EXERCISE GOAL - The reply is to contain the full listing, repeated exactly, with pictures left out.

######

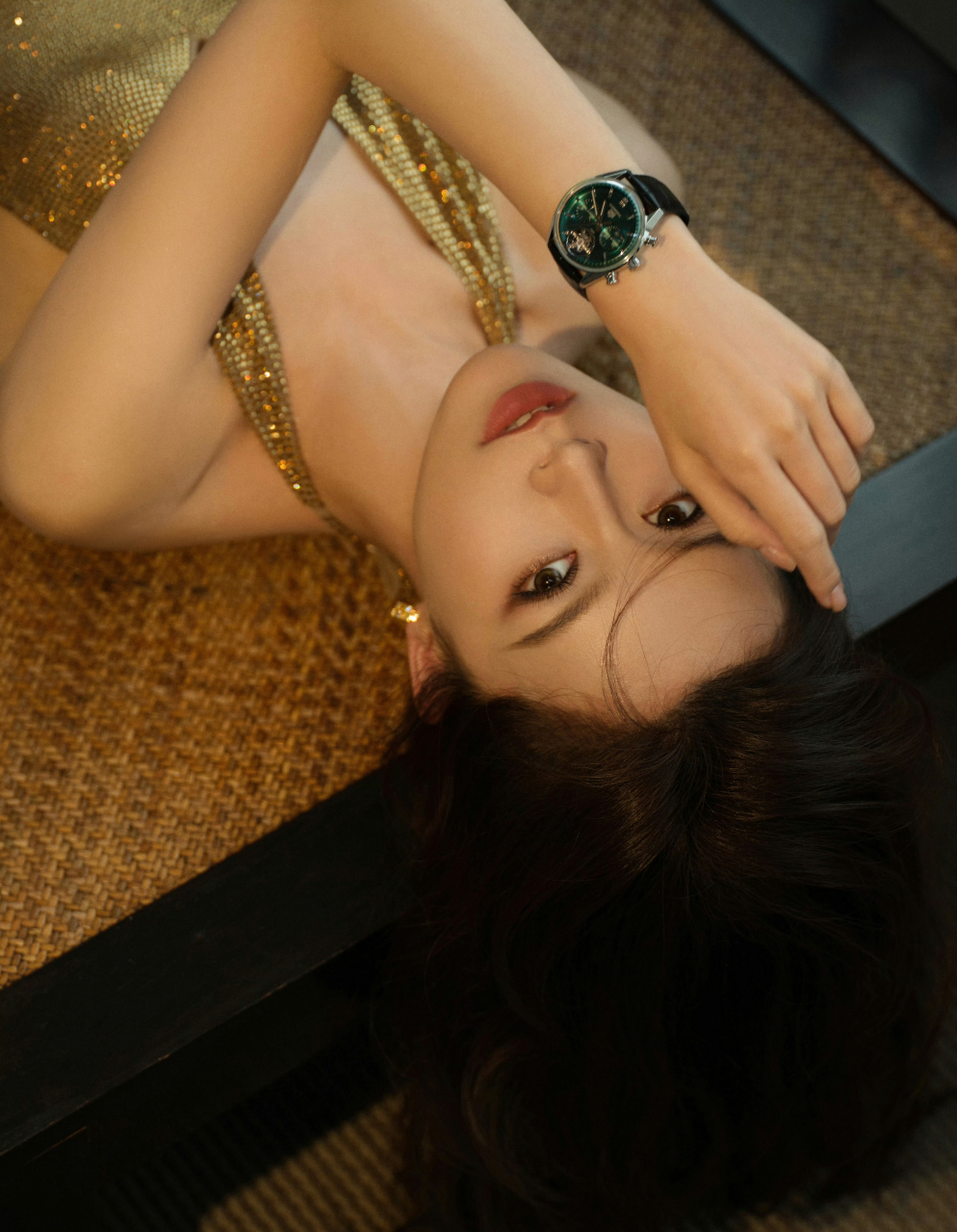 文咏珊一袭鎏金露背长裙,好性感好美丽.#明星穿搭# #文咏珊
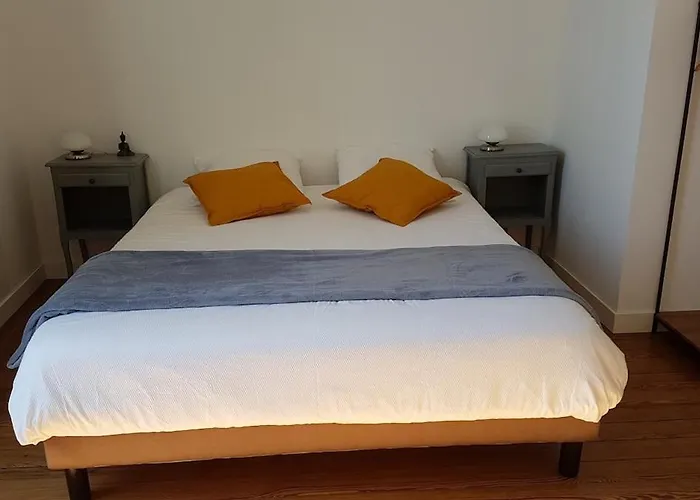 Dans Chateau بيت للعطل Saint-Germain-du-Seudre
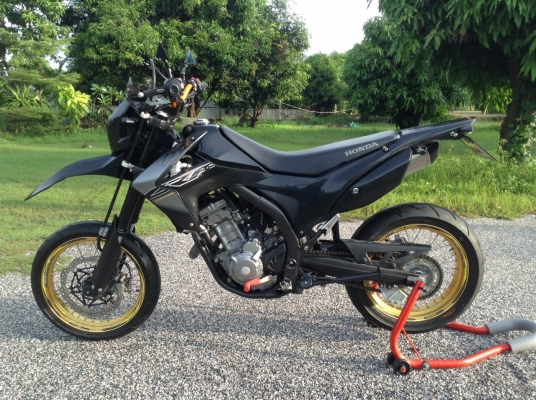 ธารนนทบุรี//ขาย honda crf250m ปี2013 สภาพสวยๆ ของแต่งเต็ม รถวิ่งมา 6,xxx กิโลเมตร ราคา 109,000 บาท ทะเบียนแท้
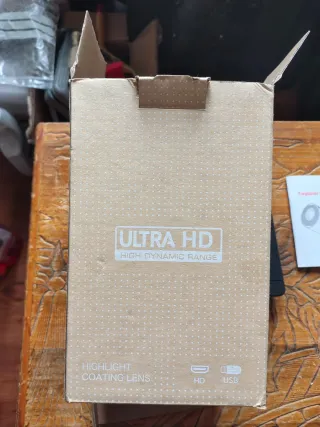 Proyector pequeño gris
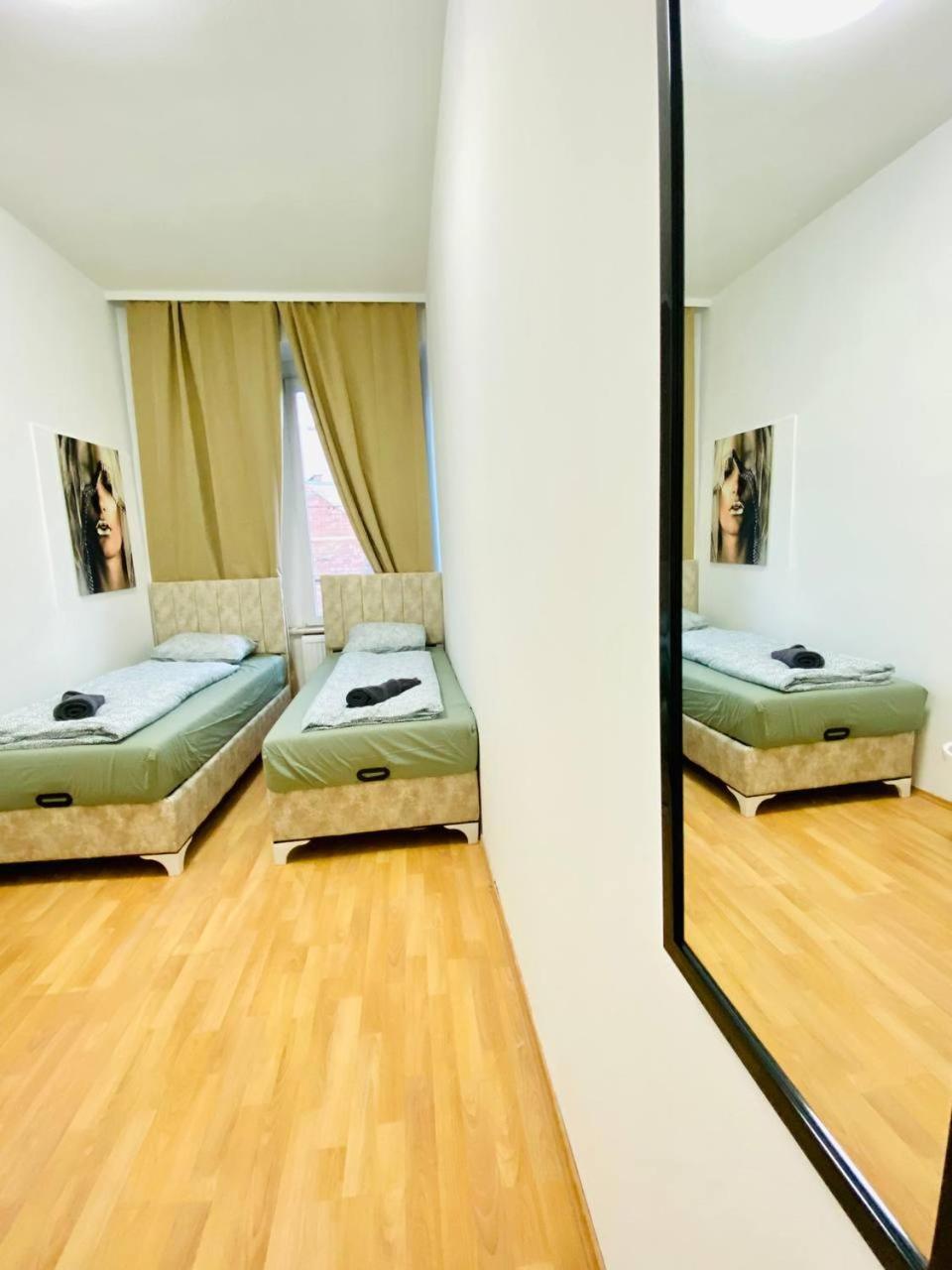 Comfortable In The 23rd District Of Fr4 *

######

FINAL ANSWER -
 文咏珊一袭鎏金露背长裙,好性感好美丽.#明星穿搭# #文咏珊
 Dans Chateau بيت للعطل Saint-Germain-du-Seudre
 ธารนนทบุรี//ขาย honda crf250m ปี2013 สภาพสวยๆ ของแต่งเต็ม รถวิ่งมา 6,xxx กิโลเมตร ราคา 109,000 บาท ทะเบียนแท้
 Proyector pequeño gris
 Comfortable In The 23rd District Of Fr4 *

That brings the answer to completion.